Dans ces conditions, c’est le Parti populaire européen (PPE), auquel appartient la Fidesz, qui devient le lieu privilégié où le « cas Orbán » fait l’objet de débats. Le PPE est divisé entre partisans de la suspension (en vigueur depuis l’an dernier) et partisans de l’expulsion de la Fidesz. Au lendemain de l’adoption par Budapest de la Loi contre le coronavirus, le chef du PPE au parlement européen, Manfred Weber (CSU), est resté muet. Une lettre signée par 13 partis dont, à l’initiative de Donald Tusk, la Plateforme civique polonaise, préconisait l’adoption d’une ligne dure. La CDU/CSU allemande, les Républicains français et Forza Italia, parti de Sylvio Berlusconi, considéraient qu’il était urgent d’attendre. « Je n’ai pas le temps de m’occuper de vos fantaisies… Votre discussion, en pleine pandémie, est un luxe que je ne peux me permettre » a réagi Viktor Orbán.

*

En guise de conclusion, on observe premièrement une différence dans la façon dont les populistes-nationalistes ont exploité la crise sanitaire actuelle. Ceux qui sont arrivés au pouvoir récemment (Donald Trump ou Jair Bolsonaro) ont sous-estimé la pandémie et donc la possibilité de l’exploiter politiquement. Les populistes plus établis (Viktor Orbán ou Narendra Modi) ont été plus rapides pour renforcer les traits autoritaires de leur régime. La question se pose, bien entendu, de savoir comment distinguer les mesures d’urgences légitimes adoptées par la plupart des gouvernements démocratiques en Europe de celles qui relèvent d’une dérive autoritaire. Les restrictions imposées à la liberté et l’indépendance des médias constituent un premier élément important à observer, de même que ce qui restreint les forces d’opposition et des institutions parlementaires. Autrement dit, le caractère inclusif (ou pas) des mesures d’urgence est à prendre en compte dans la réponse européenne à apporter à la situation hongroise ou polonaise.

Ensuite, l’absence de l’Europe, puis sa division dans la crise du Covid-19 aura des prolongements durables sur le plan interne comme géopolitique. Orbán, partant de ce constat, pouvait déclarer le 27 mars : « En ce qui concerne l’aide liée à la crise du coronavirus, la Hongrie a reçu le soutien de la Chine et du Conseil turc (association des pays turcophones) ». La « diplomatie des masques » de la Chine s’affirme dans toute l’Europe centrale et dans les Balkans.
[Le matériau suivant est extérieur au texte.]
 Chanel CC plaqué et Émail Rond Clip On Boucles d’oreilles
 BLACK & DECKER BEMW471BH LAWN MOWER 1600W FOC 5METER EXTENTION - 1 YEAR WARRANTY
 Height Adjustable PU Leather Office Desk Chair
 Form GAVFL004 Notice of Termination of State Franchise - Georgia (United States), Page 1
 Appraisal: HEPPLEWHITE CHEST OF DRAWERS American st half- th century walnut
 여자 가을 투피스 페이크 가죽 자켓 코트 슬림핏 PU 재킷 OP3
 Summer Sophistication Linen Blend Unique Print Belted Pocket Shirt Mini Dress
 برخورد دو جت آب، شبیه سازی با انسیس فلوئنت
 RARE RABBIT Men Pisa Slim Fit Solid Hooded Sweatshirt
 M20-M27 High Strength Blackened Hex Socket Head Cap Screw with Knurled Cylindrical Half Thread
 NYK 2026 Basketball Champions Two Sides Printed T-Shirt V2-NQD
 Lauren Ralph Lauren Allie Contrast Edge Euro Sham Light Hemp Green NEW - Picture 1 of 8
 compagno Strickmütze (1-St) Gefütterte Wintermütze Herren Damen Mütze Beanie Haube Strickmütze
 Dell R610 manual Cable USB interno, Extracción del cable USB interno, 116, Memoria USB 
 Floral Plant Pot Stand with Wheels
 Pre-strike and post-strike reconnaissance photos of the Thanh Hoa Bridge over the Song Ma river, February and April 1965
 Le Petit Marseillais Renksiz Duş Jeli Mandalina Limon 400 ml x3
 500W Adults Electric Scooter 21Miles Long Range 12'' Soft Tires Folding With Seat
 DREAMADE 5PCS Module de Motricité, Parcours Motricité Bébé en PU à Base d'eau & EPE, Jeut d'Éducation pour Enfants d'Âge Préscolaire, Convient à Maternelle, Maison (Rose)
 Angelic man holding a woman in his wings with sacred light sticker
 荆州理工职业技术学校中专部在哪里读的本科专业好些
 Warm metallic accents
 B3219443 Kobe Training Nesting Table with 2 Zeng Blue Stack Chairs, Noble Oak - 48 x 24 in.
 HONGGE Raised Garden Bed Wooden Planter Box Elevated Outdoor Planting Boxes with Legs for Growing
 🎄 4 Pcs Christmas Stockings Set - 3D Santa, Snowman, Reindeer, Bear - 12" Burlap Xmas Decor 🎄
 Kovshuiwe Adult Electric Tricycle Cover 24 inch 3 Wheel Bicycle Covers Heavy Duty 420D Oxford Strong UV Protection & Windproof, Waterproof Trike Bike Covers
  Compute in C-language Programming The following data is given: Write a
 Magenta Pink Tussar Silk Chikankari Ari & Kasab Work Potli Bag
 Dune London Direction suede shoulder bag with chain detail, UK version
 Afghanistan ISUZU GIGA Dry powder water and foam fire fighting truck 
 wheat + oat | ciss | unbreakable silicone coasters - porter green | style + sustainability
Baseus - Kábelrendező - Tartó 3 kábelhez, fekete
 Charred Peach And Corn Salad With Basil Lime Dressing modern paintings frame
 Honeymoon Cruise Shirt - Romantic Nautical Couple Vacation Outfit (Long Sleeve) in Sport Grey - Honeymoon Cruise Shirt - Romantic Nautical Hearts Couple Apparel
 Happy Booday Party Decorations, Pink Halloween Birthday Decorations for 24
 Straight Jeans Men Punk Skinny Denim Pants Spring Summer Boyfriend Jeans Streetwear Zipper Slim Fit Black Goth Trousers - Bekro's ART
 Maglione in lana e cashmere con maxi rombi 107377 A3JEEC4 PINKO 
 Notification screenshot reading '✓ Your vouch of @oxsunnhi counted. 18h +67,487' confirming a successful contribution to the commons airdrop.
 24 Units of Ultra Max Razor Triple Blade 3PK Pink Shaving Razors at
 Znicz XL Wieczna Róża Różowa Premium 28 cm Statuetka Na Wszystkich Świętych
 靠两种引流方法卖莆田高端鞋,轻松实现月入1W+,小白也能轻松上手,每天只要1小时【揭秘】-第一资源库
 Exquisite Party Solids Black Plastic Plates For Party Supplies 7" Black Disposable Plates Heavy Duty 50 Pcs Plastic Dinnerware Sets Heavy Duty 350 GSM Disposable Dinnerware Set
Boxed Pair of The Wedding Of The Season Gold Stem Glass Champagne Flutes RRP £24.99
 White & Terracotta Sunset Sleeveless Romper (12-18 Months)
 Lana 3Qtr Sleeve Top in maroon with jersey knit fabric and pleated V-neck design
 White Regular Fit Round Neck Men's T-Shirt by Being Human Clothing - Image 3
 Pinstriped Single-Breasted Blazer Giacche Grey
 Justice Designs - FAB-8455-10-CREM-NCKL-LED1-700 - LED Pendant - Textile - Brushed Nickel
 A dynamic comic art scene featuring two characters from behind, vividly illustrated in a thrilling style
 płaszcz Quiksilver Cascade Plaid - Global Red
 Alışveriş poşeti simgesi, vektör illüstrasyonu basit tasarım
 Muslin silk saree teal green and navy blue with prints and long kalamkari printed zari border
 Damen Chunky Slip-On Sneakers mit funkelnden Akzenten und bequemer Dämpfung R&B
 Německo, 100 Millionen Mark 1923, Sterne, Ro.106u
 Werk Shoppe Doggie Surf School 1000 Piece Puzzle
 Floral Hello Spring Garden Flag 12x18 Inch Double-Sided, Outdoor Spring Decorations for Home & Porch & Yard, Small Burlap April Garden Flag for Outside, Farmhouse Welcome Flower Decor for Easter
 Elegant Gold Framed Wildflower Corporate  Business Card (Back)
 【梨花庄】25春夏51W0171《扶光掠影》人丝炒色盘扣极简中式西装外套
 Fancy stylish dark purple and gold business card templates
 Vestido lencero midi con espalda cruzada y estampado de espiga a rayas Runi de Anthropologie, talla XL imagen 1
Enfin, la cohésion de l’Europe lors du passage de la crise sanitaire à la crise économique sera aussi importante que sa position de défense des valeurs de l’État de droit. Car Viktor Orbán, comme les autres dirigeants national-populistes européens peu audibles pendant la pandémie, répète qu’en période de crise sanitaire (ou autre), l’État-nation et la solidarité nationale constituent les remparts les plus efficaces. Ils parient sur un affaiblissement des démocraties libérales et de l’Union européenne pour rebondir après la crise. L’Union européenne devra impérativement être en mesure de défendre ses valeurs et les principes de l’État de droit qui la constituent dans les mois (et les années) à venir, dans un contexte probable de grave récession économique, avec les tentations du repli qu’elle risque de favoriser.